Independent Theresa
I feel a new chapter in my life is happening and I have realised now that I actually really like my name and would prefer to be called that from now on if I am introduced to new people. I don't expect my close friends to use it...I just want a fresh start with fresh people as it were.
I like living on my own. Actually, I love it. I have been so dependent on other people for so long and I think it was just laziness more than anything. Now I have set up my own computer, changed the shade on my bedroom light, just small things, but small steps bla bla bla!! lol. I do still do most of the cooking for me and Dale but that is my choice and it is always nicer than cooking for one. Besides I love showing off my culinary skills. The other day he said he loved me and would marry me just for my cooking!!! How sweet. Need to fatten the guy up anyway.
It was his birthday last week which can prove a bit of an emotional time for reasons that are just plain private. What we did discuss though is how alone we both feel sometimes. All his friends are up North and he will no longer be a student, so in effect he is losing friends.
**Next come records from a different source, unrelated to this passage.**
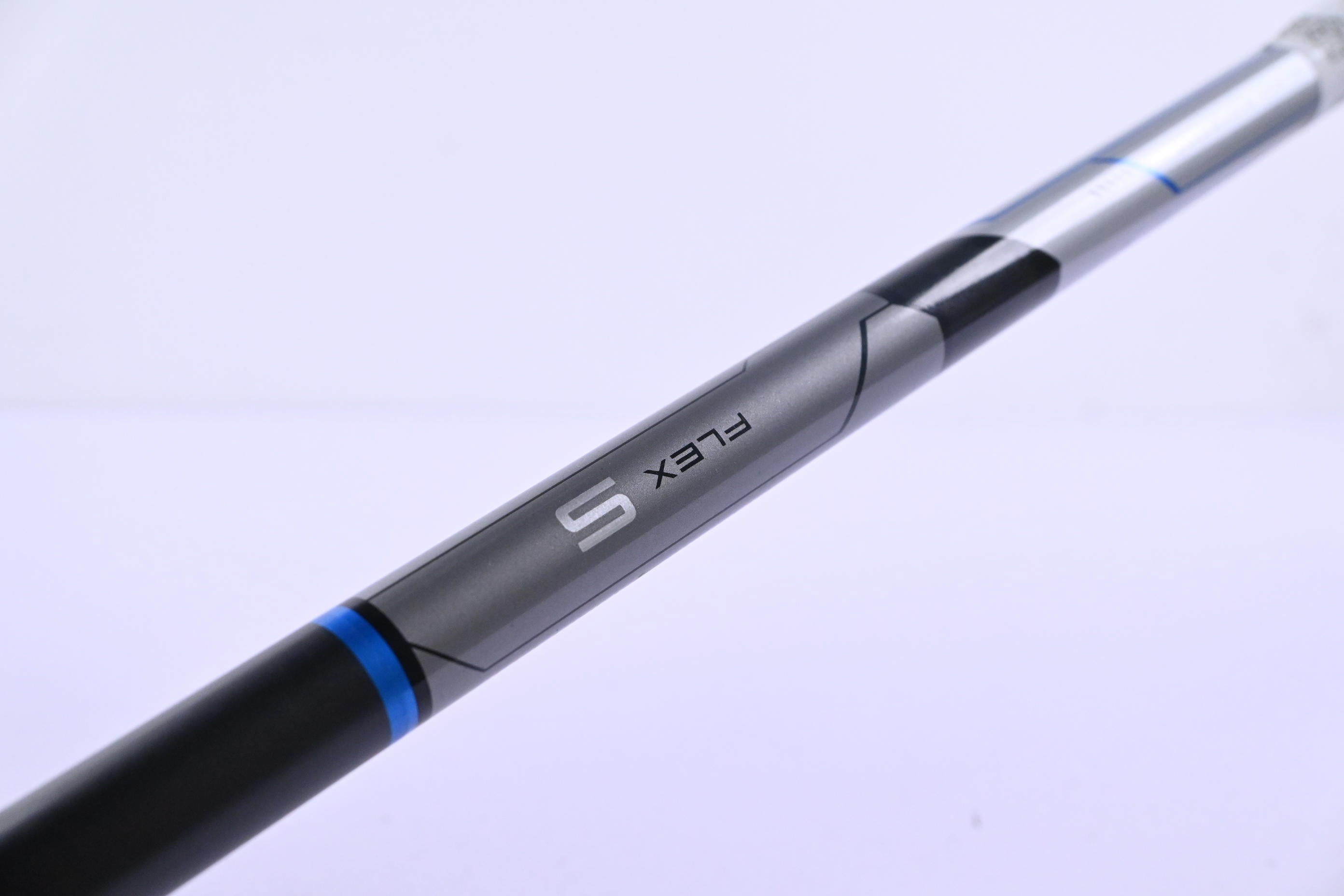 Taylormade SLDR #3 Wood / 15 Degree / Stiff Flex Fujikura Speeder 77 Shaft
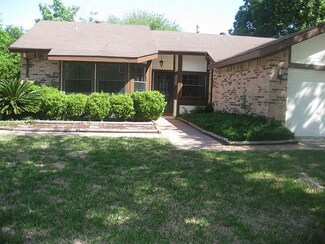 10310 Green Valley Ln, Houston, TX 77064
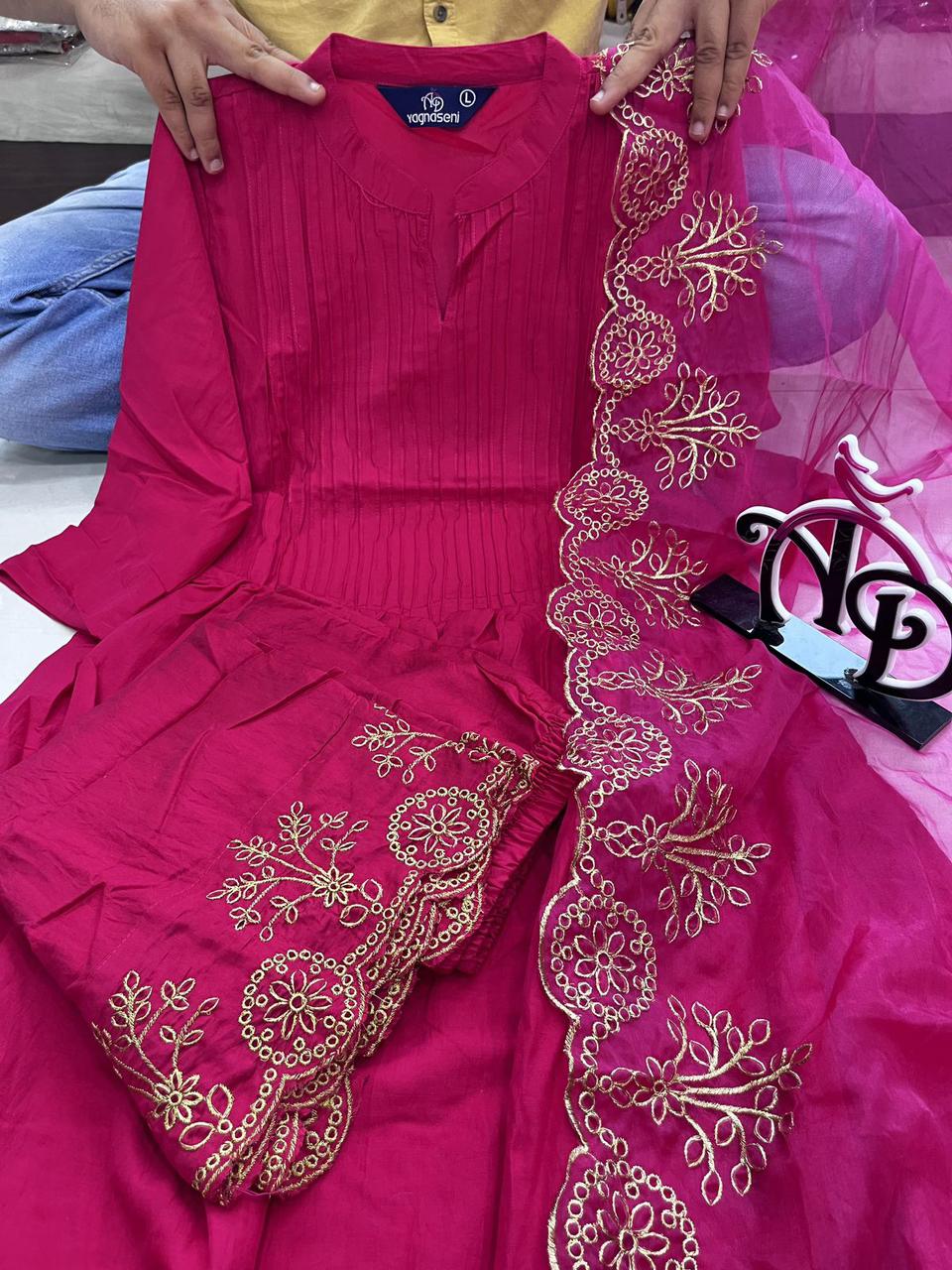 "Stunning Pure Cotton Silk Kurti-Pant Set with Embroidered Orgenza Dupatta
Lets be honest, how many of us keep in touch with our student flat mates once we have left college? I on the other hand seem to be dwindling in friends. I have certainly gained a valuable couple of friends, but I have also lost a couple of what I thought were good friends....well they don't contact me any more and I know they are very much in touch with Mark still. I must be the bitch from hell as far as they are concerned! Does up set me though as I have been there for them in times of trouble.
So Dale and I are becoming very close, supporting each other. I really enjoy his company. I get him!! I understand where he is coming from especially with his creativity. We have been putting together his portfolio, and I feel very priveleged to be helping him mount his work cause I think it is brilliant! The man just does not know how to take compliments though. He quietly told me that his tutor had said he should be doing a Masters not a degree because his writing was so brilliant....and I have only seen his graphic art!! Multi-talented or what? Some people don't get him for that reason...he is just bloody intelligent and it is their loss if they don't see that.
Although I am working all weekend, I always get that Friday feeling and look forward to it very much. Most evenings of late, if I have not been chatting with Dale I am in my room listening to music on my computer with the headphones he has lent me. I stand in front of the mirror and boogie my ass off!! I think I am re-living my teenage years again...and not having to worry about others for a change. (minus the hair brush microphone!) Selfish Theresa is my new name and selfish I will be!!! It is new to me and positive to me too.